**REQUIRED ACTION**
With pictures left out, extract every line between the start of the records below and the line holding "bulk LGA1151/6C/12T/L3 12M/UHD630/TDP95W【大須】保証期間１週間", inclusive.

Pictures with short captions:
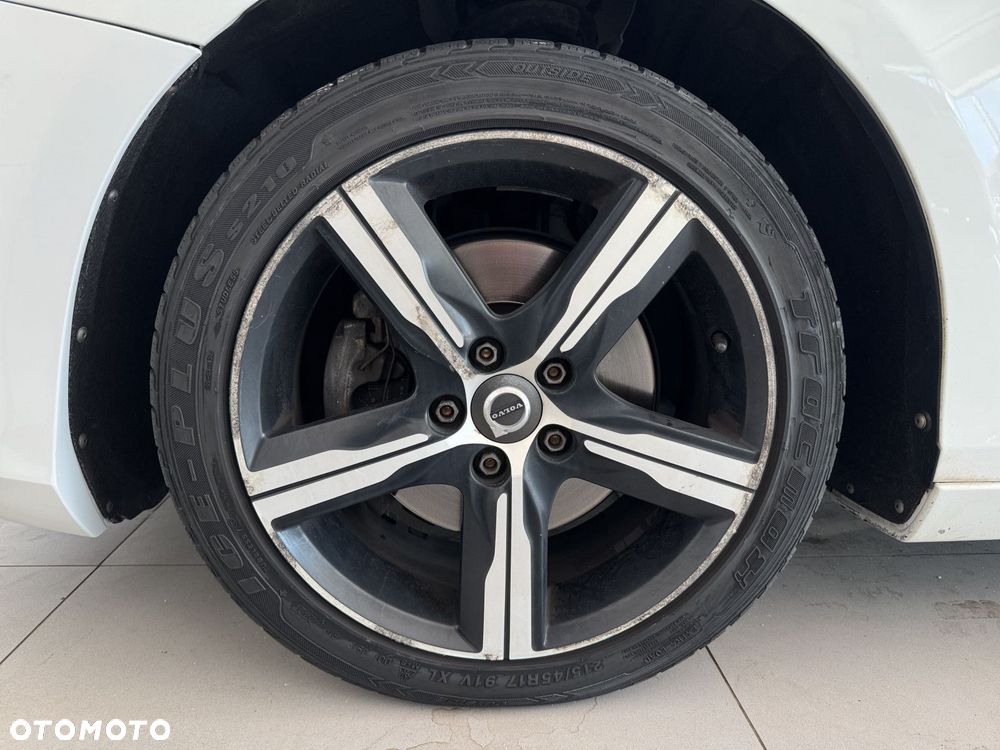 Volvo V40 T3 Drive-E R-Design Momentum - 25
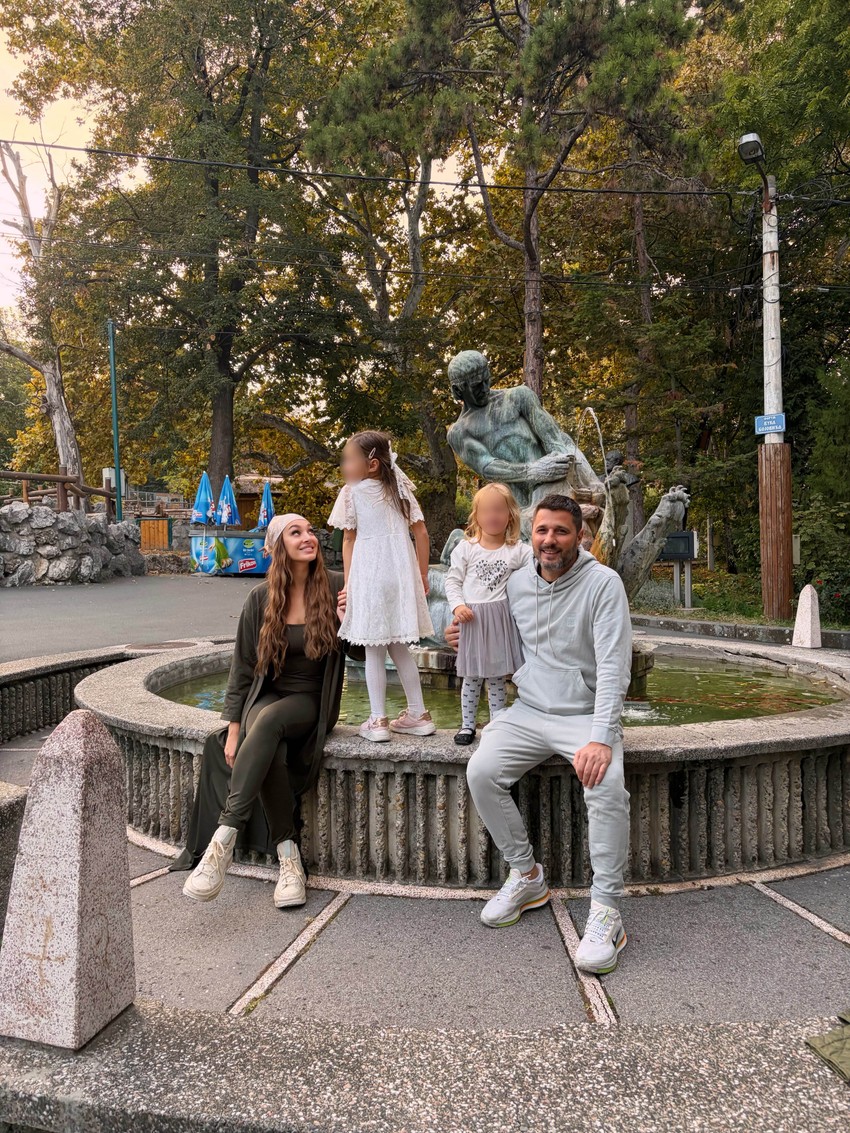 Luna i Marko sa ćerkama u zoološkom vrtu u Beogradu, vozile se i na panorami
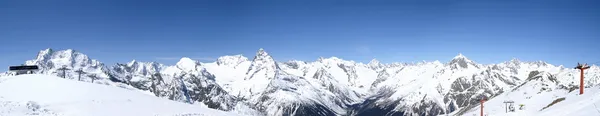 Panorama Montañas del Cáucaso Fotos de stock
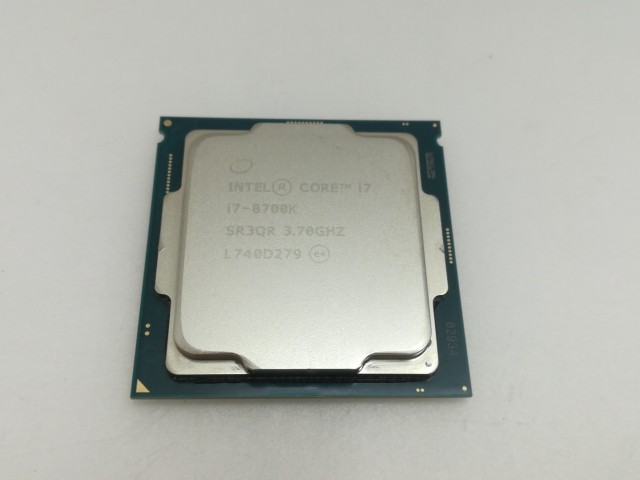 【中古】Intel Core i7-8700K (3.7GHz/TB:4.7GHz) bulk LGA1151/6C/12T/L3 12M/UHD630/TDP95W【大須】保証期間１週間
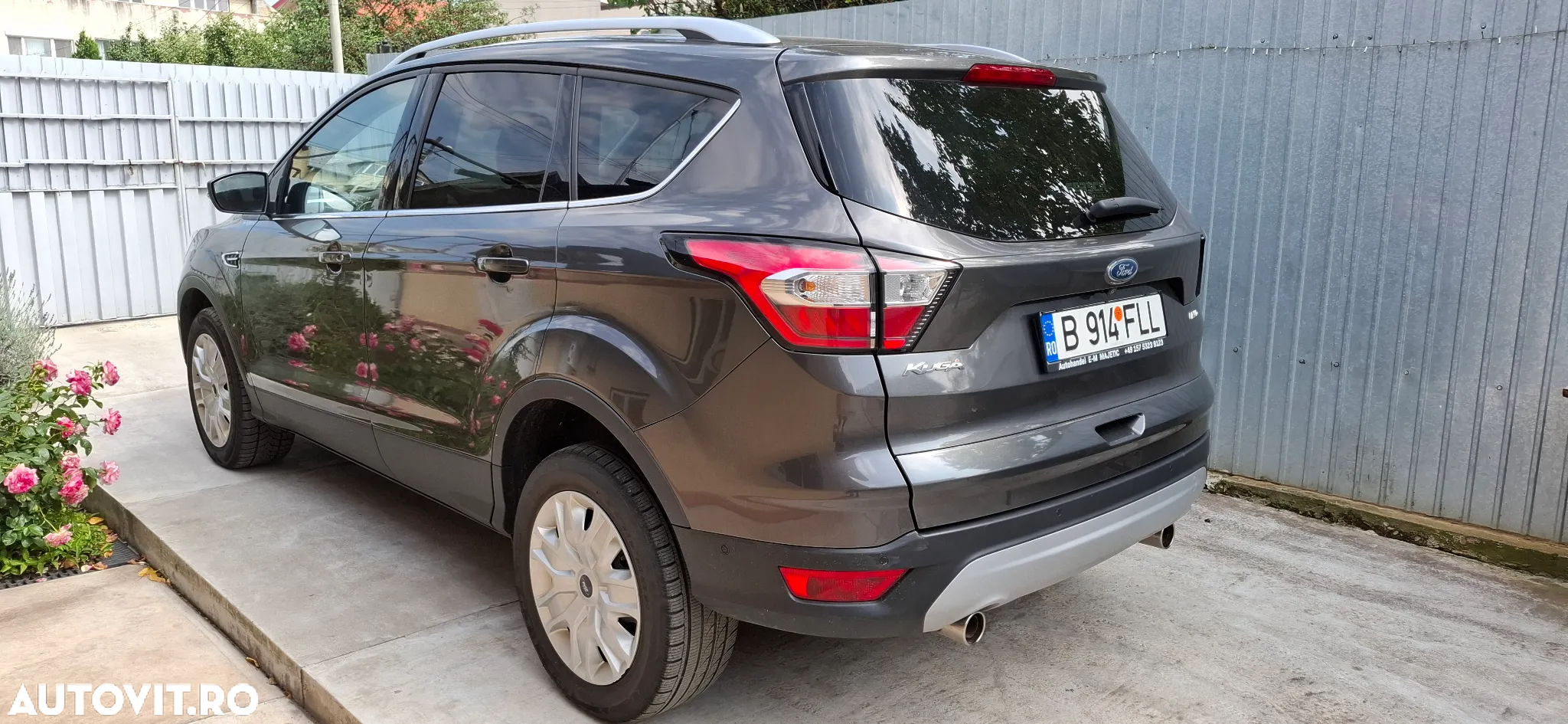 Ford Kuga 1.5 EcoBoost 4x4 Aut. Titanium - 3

**ANSWER FOR THE TASK**
 Volvo V40 T3 Drive-E R-Design Momentum - 25
 Luna i Marko sa ćerkama u zoološkom vrtu u Beogradu, vozile se i na panorami
 Panorama Montañas del Cáucaso Fotos de stock
 【中古】Intel Core i7-8700K (3.7GHz/TB:4.7GHz) bulk LGA1151/6C/12T/L3 12M/UHD630/TDP95W【大須】保証期間１週間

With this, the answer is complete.